Ratman's Notebooks is a 1968 short horror novel by Stephen Gilbert. It features an unnamed social misfit who relates better to rats than to humans. It was the basis for the 1971 film Willard, its 1972 sequel Ben, and the 2003 remake of the original film. After the release of the original film, the book was re-released and re-titled Willard.

==Plot==
The book is set as a series of journal entries, where the unnamed narrator goes back and forth between his life with the rats and his work, in a low-level job at a company that his father used to own. In these entries, the young man dwells on the hatred he feels for his boss, the stresses of caring for his aging mother, a nameless girl he becomes fond of and above all the families of rats which he has befriended and which he uses for company and companionship.

Eventually, he trains the rats to do things for him. His favorite is an Agouti Berkshire rat (normal wild rat color, only with white markings on the belly, who in the film adaptations was portrayed as a white rat) which he calls "Socrates". A rival to Socrates is "Ben", a large rat that the narrator grows to despise when it refuses to listen to him. He uses the rats to wreak revenge upon his boss and havoc among the local shop owners and home owners, whom he has robbed with the aid of his rats. His "ratman" robberies become a newspaper sensation in the area and the man makes quite a stash of money for himself and for the girl he is courting at work. After his mother dies, he inherits the house.

When Socrates is killed at his workplace by his boss Mr. Jones, the narrator is forced to use Ben in his criminal escapades. He devises a plan to have the rats kill Mr. Jones, avenging Socrates' death. He then abandons all the rats at the scene of the crime, ridding himself of that part of his life.
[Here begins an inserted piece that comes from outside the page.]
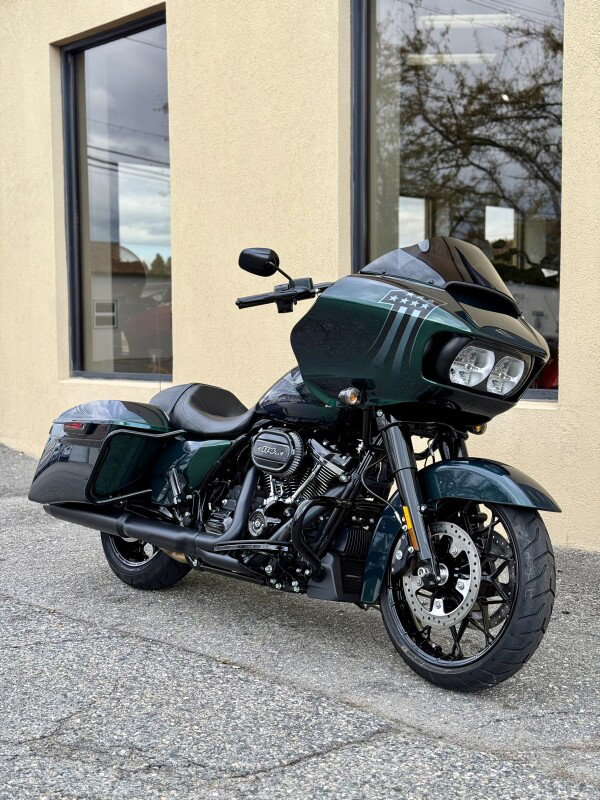 Road Glide® Special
Eventually, as his relationship with the office girl moves towards marriage, Ben and his colony return, chasing the girl out of the house and trapping him in the attic.

The book ends with the narrator madly scribbling in his journal about the rats gnawing away at the attic door.

==Reprint==
In 2013, Valancourt Books reprinted Ratman's Notebooks in paperback with an introduction by horror author Kim Newman.